Blog

How to Help Teens Deal with the Challenges of Male and Female Gender Expectations

March 8, 2017

Through our teaching, socially conscious teachers aim to create learning environments that help students see themselves as change agents, if not in their society, at least in their own lives. Twenty-one years ago when I started teaching, I could simply say, “I teach.” But in the last few years, I’ve found that describing what I do is much more complex.

In addition to the academic part of teaching, I find that I am helping students deal with social-emotional issues regularly. Too often, I learn about a student’s struggles with mental health. I learn about students who harmed themselves. I learn about students dealing with emotional burdens so heavy that they can’t learn.

Why the increase in struggling students? One thing that’s changed is that we’re keeping more students in high school than we used to. Between 1990 and 2014, for example, the Hispanic student dropout rate decreased by approximately 20-percent. Students who struggle used to disappear; now they’re more likely to stay.

When we consider the effect of social media on teens’ mental and physical health—especially when they are losing sleep because of late nights with computers, phones, or tablets—we see how teachers face the incredible responsibility of helping students academically and emotionally.

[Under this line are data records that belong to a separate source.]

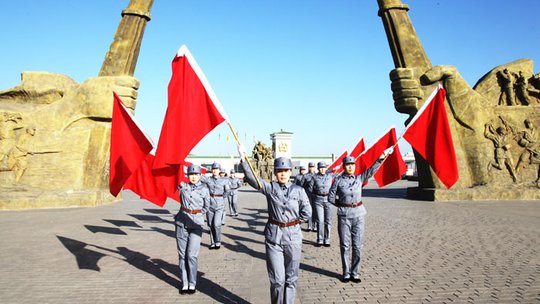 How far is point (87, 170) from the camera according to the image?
14633mm

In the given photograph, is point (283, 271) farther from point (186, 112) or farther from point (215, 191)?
point (215, 191)

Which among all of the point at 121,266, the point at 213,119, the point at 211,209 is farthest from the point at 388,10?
the point at 121,266

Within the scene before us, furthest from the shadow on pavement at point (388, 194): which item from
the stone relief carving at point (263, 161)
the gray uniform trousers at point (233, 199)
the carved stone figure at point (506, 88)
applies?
the stone relief carving at point (263, 161)

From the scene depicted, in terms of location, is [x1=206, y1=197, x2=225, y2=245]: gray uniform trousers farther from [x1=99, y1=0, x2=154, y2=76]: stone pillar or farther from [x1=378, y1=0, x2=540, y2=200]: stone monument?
[x1=99, y1=0, x2=154, y2=76]: stone pillar

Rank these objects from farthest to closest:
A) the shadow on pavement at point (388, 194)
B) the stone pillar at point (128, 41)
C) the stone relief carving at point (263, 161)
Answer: the stone relief carving at point (263, 161) → the shadow on pavement at point (388, 194) → the stone pillar at point (128, 41)

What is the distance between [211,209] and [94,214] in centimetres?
638

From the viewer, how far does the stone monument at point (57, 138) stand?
553 inches

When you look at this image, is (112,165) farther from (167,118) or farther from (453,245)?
(453,245)

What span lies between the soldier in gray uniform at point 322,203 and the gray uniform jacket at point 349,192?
200 centimetres

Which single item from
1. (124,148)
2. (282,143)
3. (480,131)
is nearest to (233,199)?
(124,148)

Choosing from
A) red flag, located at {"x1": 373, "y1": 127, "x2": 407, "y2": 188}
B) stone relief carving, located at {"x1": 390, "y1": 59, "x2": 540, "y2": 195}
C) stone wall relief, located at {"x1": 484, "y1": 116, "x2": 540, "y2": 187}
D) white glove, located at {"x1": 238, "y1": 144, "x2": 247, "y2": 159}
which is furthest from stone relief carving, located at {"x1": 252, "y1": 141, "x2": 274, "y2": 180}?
white glove, located at {"x1": 238, "y1": 144, "x2": 247, "y2": 159}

Meanwhile, budget cuts mean fewer psychologists, counselors, and social workers in schools. Teachers are often the adults that struggling students go to first.

So the conversations in our classes change.

One assignment I developed for my junior English classes helps students engage in difficult conversations, without actually putting me into all of these difficult conversations with them. “Toxic masculinity” and “hyper-femininity,” I learned, are the contemporary terms for describing the ugly, exaggerated gender roles that perpetuate destructive behavior in males and females.

These aren’t the easiest topics for whole-class discussions, as they lead into related matters such as sexual abuse, binge drinking, eating disorders and suppressed aggression. But it’s these situations, many times, that impede students’ learning. So I don’t do the talking. Instead, I found texts that do the talking, so students can do the thinking.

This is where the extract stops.